@A.C
Yes, that is correct. With many threads AND the ability to switch thread in one clock cycle - you can efficiently hide latencies. Normal cpus switch threads in 100s of clock cycles, which means you can not mask latencies.
For instance, studies by Intel shows that a normal server x86 cpu, idles 50-60% of the time - under max load. Under full load - a typical x86 cpu waits for data 50-60% of the time. This means a x86 cpu running at 3GHz, is actually doing work corresponding to a 1.5GHz cpu.
That is the reason normal cpus have big caches, complex prefetch logic, etc - to try to minimize latencies. CPUs have reach high GHz, but RAM is still slow. Thus, if you have a 5GHz cpu and the RAM is 1GHz - then the CPU needs to wait for RAM all the time. But if both the cpu and RAM runs at 1GHz, then cpu need not to wait. Thus, high clocked cpus are not really meaningul. 5GHz POWER6 cpus using 1GHz RAM is really pointless. Even IBM seems to understand this now, as IBM has decreased clock speed and increased the nr of cores.

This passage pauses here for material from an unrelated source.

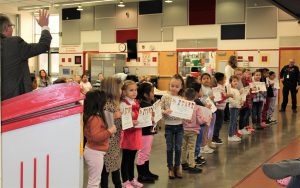 Students hold award certificates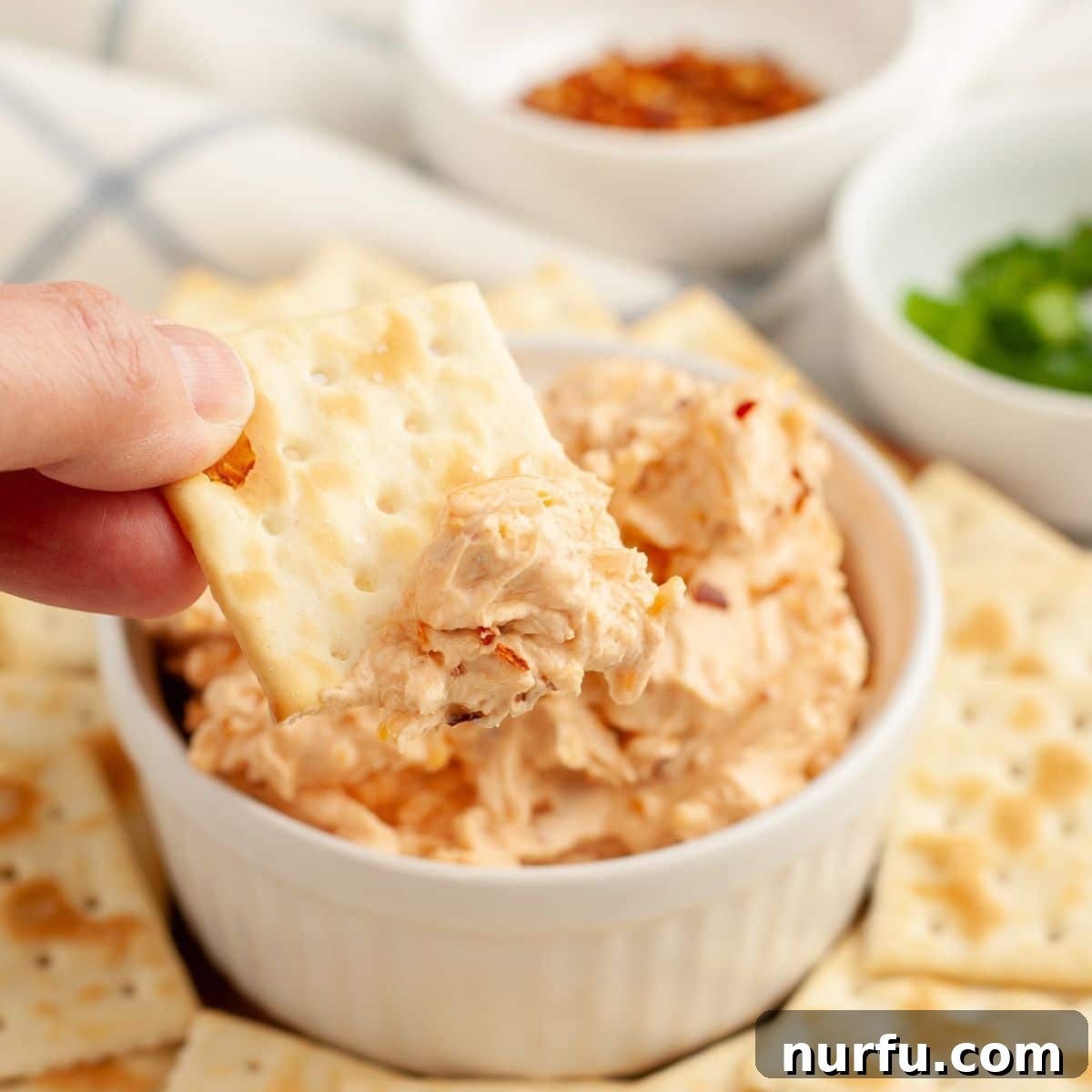A hand reaching for a cracker to dip into a bowl of Fire Cracker Dip, showcasing its inviting texture and readiness for enjoyment.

So, how successful is the Niagara approach? Well, the Niagara idles 5-10% under full load - waiting for data. That is much better than 50-60%. Thus, the Niagara at 1.6GHz competes with, and outperforms in some cases, much higher clocked cpus. In fact, Niagara holds several world records today, beating mich higher clocked x86 and POWER7 cpus.
http://blogs.oracle.com/BestPerf/entry/20110812_x6270m2_specjenterprise2010
The funny thing is that Niagara has a tiny cache, because it hides latencies very well. Thus, Niagara is fastest in the world in some cases, without big caches. What does that prove? It proves that Niagara is not cache starved. If it were cache starved, it would never beat 5 GHz cpus. You need 14 (fourteen) POWER6 at 5GHz to match four (4) Niagara T2+ cpus at 1.6GHz in official SIEBEL v8 benchmarks. How is that possible if the Niagara is cache starved?
Conclusion, the ability to hide latencies can be very valuable.